She nodded, wondering how he knew.
Mr. Beck took a small electric lamp from his pocket, opened the slide and touched the spring that lighted it. Then, thrusting his head into the lower compartment of the safe, he examined the sides and bottom minutely with a strong magnifying glass. As he drew out his head he felt something tickle the back of it. He turned up the light and found a little cluster of fine points projecting from the bottom of the wire-woven shelf.
He examined those with such care that her Grace noticed it.
"Oh! that's nothing," she said; "that little flaw in the shelf was there when the safe was first put up. The wires got broken a little. They used to tickle the back of my head too. At first I intended to have it fixed; the ends of the wires cut off or something. But I forgot, and after a while I didn't notice it. I suppose I learnt to keep my head out of the way."
Mr. Beck answered never a word. His head was back again in the safe, and he renewed his examination of bottom and sides with even more care than before.
"No one had any business to go to the safe but yourself?" he asked, after a long pause.
"No one," she answered, and he went on with his examination.
"Well, Mr. Beck?" her Grace demanded impatiently, when he finally drew out his head, and closed his lamp with a snap.
"Well, my lady, I have learned all the safe has to tell me. Its story is very interesting, but it is confidential for the present."
"If the safe has no more to say to you, nor you to the safe"—this with a little touch of petulance in her pleasant voice—"my husband will be glad if you will have lunch with him in the library. You will excuse me. My brother-in-law returns to London by the night mail, and I've got to look after him."
"May I ask, Mr. Beck, have you found any clue?" said the Duke a little anxiously, trifling with his plate while Mr. Beck made excellent play with his knife and fork.
Mr. Beck sipped his glass of ripe Madeira with keen appreciation as he replied—
"There are always too many clues, Duke, the trouble is to disentangle them."
"Would it be fair to ask at this stage what is your theory of the crime?"

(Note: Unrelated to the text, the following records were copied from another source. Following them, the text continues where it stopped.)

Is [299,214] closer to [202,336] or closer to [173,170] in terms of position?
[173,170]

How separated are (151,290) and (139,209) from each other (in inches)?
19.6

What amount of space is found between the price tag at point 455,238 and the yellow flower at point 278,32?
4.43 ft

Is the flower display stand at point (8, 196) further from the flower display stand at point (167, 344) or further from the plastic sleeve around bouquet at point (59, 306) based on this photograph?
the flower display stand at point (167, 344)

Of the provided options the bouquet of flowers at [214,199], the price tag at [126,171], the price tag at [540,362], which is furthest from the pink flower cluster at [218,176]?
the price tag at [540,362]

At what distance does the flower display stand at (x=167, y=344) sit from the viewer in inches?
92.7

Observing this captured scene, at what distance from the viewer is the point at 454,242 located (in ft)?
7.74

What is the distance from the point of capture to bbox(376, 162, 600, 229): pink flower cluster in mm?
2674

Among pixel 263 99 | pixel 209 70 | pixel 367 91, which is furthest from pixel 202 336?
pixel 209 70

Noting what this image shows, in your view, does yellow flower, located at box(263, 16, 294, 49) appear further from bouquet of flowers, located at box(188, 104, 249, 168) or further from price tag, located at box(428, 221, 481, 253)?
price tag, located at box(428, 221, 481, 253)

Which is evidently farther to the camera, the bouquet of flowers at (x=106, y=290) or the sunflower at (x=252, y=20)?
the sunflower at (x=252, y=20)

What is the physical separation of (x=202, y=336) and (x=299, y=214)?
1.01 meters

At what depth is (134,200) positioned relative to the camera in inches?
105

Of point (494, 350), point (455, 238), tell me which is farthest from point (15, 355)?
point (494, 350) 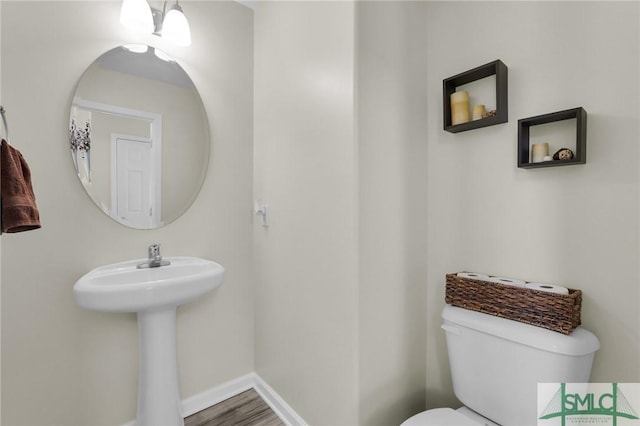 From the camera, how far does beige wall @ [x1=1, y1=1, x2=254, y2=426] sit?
1175 millimetres

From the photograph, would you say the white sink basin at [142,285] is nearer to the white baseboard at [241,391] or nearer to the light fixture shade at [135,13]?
the white baseboard at [241,391]

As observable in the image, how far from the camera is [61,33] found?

"Never had such a thing in my life, your Grace. I go by facts. If you start with a theory you try to force the facts to fit it, and facts won't be forced. There is not any science in detective work. It's like playing blind man's buff—you grope about here and there, turn back when you knock your head against a stone wall, but keep on fumbling till you lay your hands on the man you want—or the woman."
"What would your friend, Mr. Rose, say to all that? He goes in for pure science, doesn't he?"
"I remember when I was a boy, your Grace, reading in a story-book—kind of fairy tale I think it was—of a country where they measured a man scientifically; took his altitude with a quadrant and calculated his length, breadth, and thickness by trigonometry. Well, the common tape measure is good enough for me."
"For a clever detective," said the Duke, "you have rather a poor opinion of your profession."
"Clever, your Grace? I'm not clever; perhaps I'm none the worse for that. A detective may easily be too clever by half. The performing dog in the show is very clever, and his tricks are pretty to look at, but he wouldn't do to catch a fox."
"Can you catch this fox, Mr. Beck?"
"I hope so. I think I am on the scent. I cannot say more at present."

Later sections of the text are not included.